[What is needed]: Only the lines below between the one holding "Transarterial chemoembolization or" and the one holding "Migración de clavo steinman", inclusive, are to be reproduced word for word; the pictures are to be left out.

[Data supplied]:
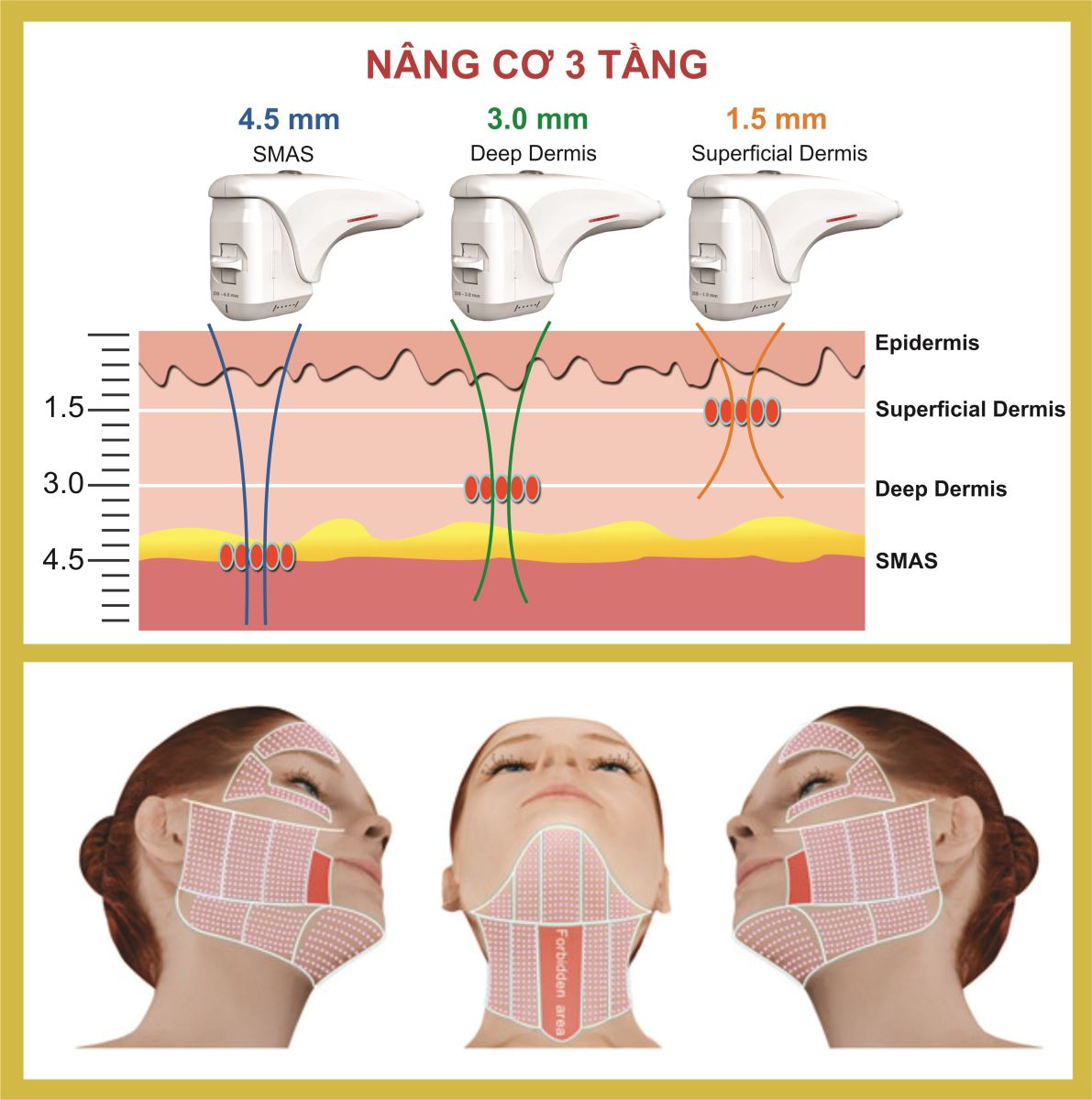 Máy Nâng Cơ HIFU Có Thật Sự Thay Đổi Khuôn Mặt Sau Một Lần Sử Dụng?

...

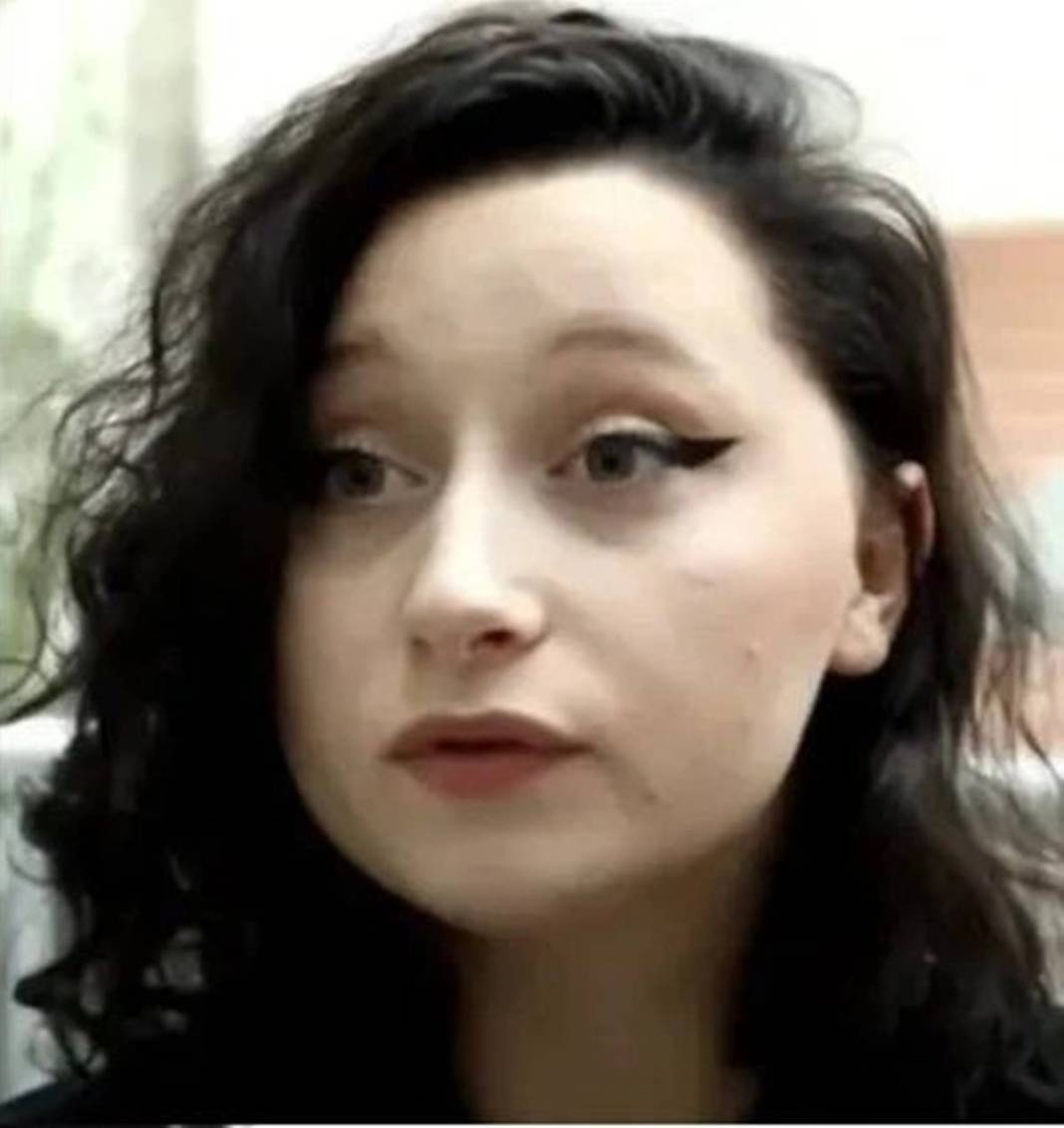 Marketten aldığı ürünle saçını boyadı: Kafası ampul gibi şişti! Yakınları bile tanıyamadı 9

---

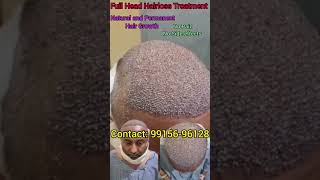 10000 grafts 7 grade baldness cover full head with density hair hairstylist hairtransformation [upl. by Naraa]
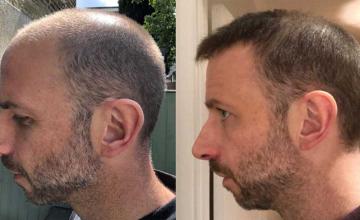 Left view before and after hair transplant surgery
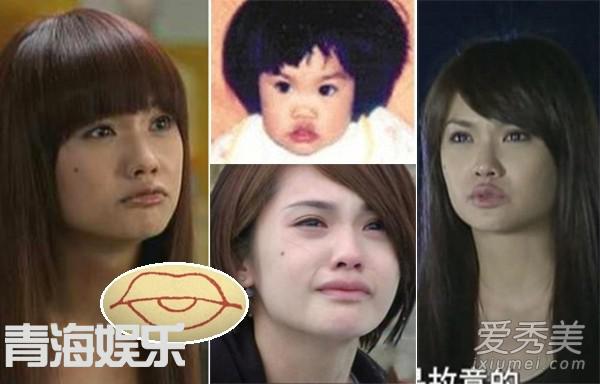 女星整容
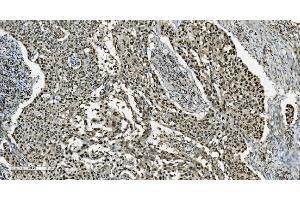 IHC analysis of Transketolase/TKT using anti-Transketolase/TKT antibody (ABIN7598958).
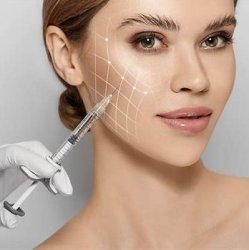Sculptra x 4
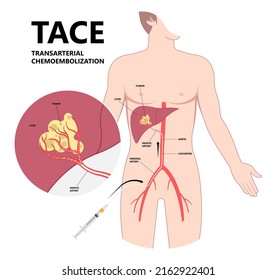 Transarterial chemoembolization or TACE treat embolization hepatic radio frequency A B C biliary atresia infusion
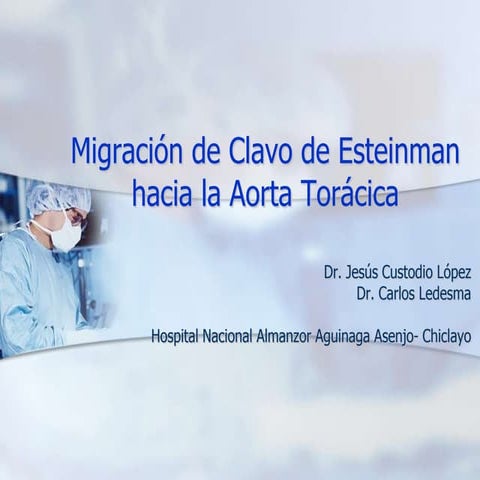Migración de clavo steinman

[Written solution]:
 Transarterial chemoembolization or TACE treat embolization hepatic radio frequency A B C biliary atresia infusion
Migración de clavo steinman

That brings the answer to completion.